The Next Step in Math Problems is Up to You

This is Day 18 of 31 Days of Math Learning Success. Follow all the days here and check out others that are writing for 31 days here.
There is a do and undo in math - you have to pick. And like picking your nose, YOU have to do it!
Your scientists were so preoccupied with whether or not they could that they didn’t stop to think if they should.
~Dr. Ian Malcolm, Jurassic Park

At this point in the 31 days, you’ve read how much you should get out there and try things. Have faith in you. And don’t just sit with a blank piece of paper – write!

It’s been a bootcamp in DO!, for sure.

And now I’m going to reign you in.

What goes up, must come down.

Everything in math (just about) has an opposite. Subtraction is the “undo” of addition. Division is the undo of multiplication. There’s even “undo” stuff for some matrix and function operations!

If you have a chance, look at a pre-algebra or algebra textbook. One section will be factoring, and the next will be multiplication. These are opposites (officially called “inverses,” but who’s counting. :D)

When you learn to hammer a nail, you also need to know how to pull it out.

And that’s what early textbooks try to teach – doing and undoing. Back and forth.

You must make the decision to do or undo.

 

Consider this expression: \frac{2}{14}. Are you itching to reduce it?

What if it was part of a bigger expression like this: \frac{2}{14}+\frac{3}{14}

Still so hip on reducing it?

You might be. But there’s a good chance you just worked hard to get that \frac{2}{14}. Like this:

\frac{1}{7}+\frac{3}{14}
\frac{1}{7}\left[\frac{2}{2}\right]+\frac{3}{14}
\frac{2}{14}+\frac{3}{14}

So before you reduce a fraction, make sure you didn’t just un-reduce it to make it handier for the next step.

How about multiplication?

When you encounter 2 \times 3 \times 15 \times 7, you’ll probably want to multiply it out.
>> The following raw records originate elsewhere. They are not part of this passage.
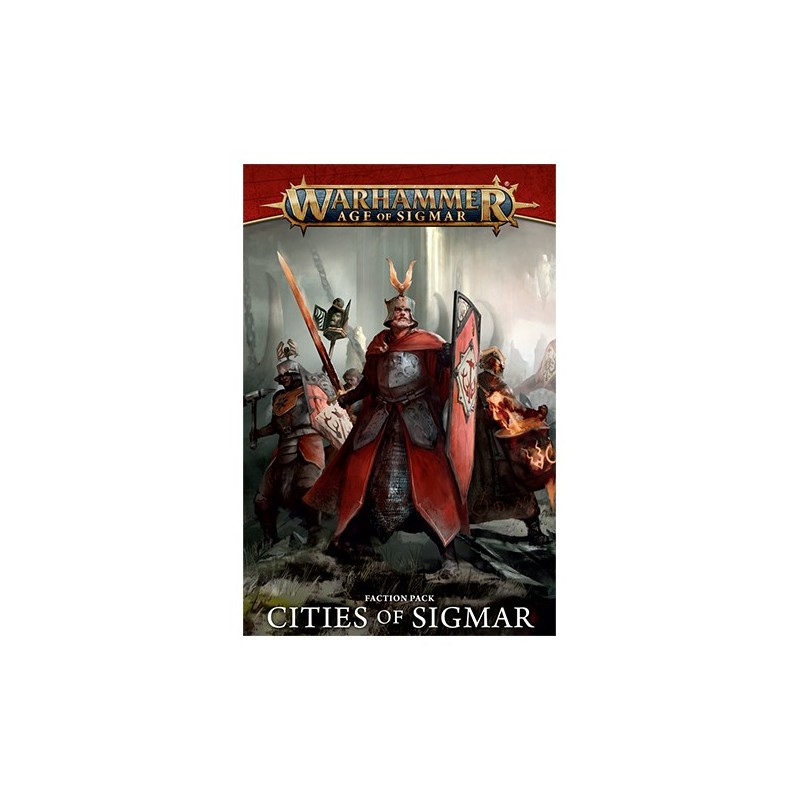 Mailorder Fraktionsset: Cities of Sigmar (Deutsch)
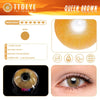 TTDeye Queen Brown Colored Contact Lenses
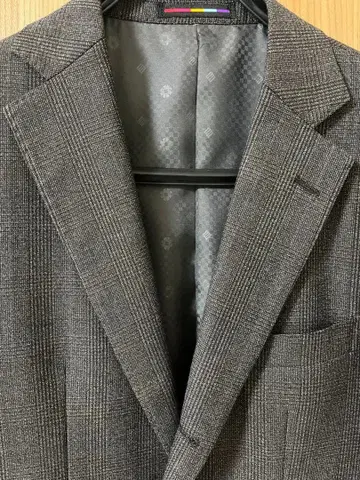 ORIHICA (오리히카) 비즈니스 자켓 다크 브라운 S 사이즈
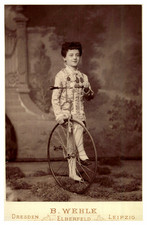 B Wehle, Leipzig, Garçon et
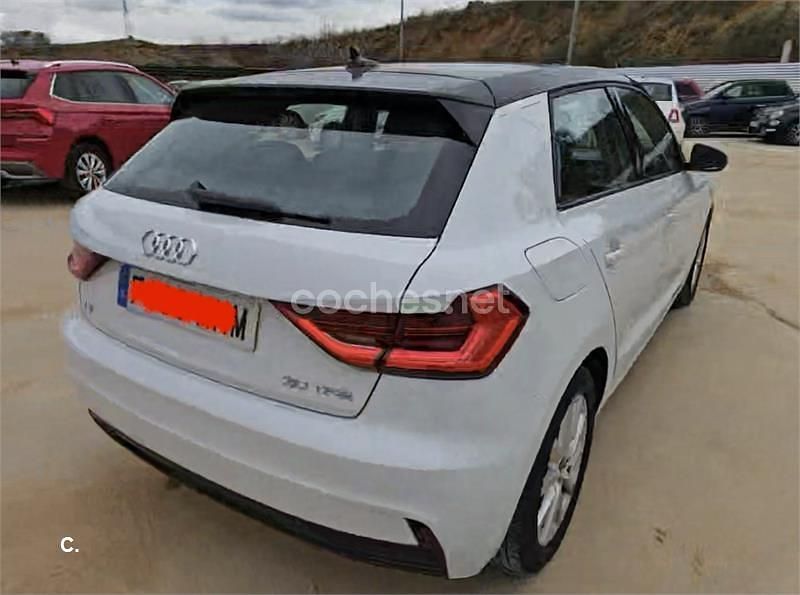 Usado Audi A1 Sportback Advanced Plus 110 CV (80 kW) 2023 Blanco Utilitario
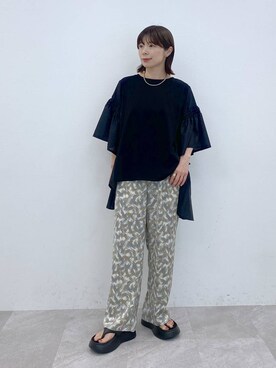 mayaさん（レディース・158cm）の夏コーディネート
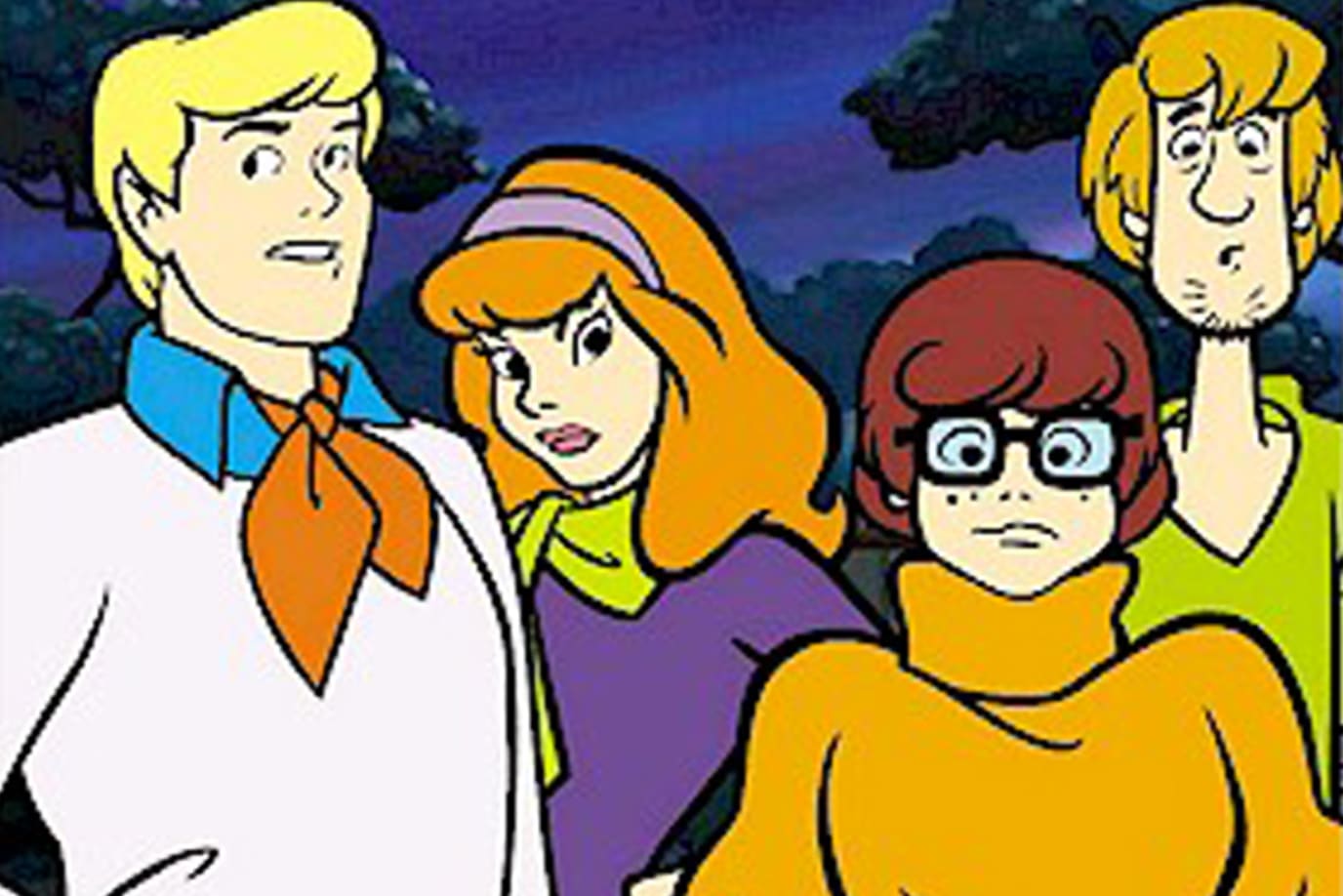 scooby doo mystery incorporated shaggy and velma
But what if it’s part of this problem:  \frac{2 \times 3 \times 15 \times 7}{35}?

You’d now be left with  \frac{430}{35}, and have to figure out how to reduce it.

Consider doing this:

 {\frac{2 \cdot 3 \cdot 15 \cdot 7}{35}} (what we started with, using dots)

 \frac{2 \cdot 3 \cdot (3 \cdot 5) \cdot 7}{35} (factor the 15 into 3\cdot 5)

 \frac{2 \cdot 3 \cdot 3 \cdot (5 \cdot 7)}{35} (rearrange parenthesis)

 \frac{2 \cdot 3 \cdot 3 \cdot (35)}{1 \cdot 35} (this is an extra step for clarity)

 \frac{2 \cdot 3 \cdot 3 \cdot}{1} \cdot \frac{35}{35} (I see a 1 coming on!)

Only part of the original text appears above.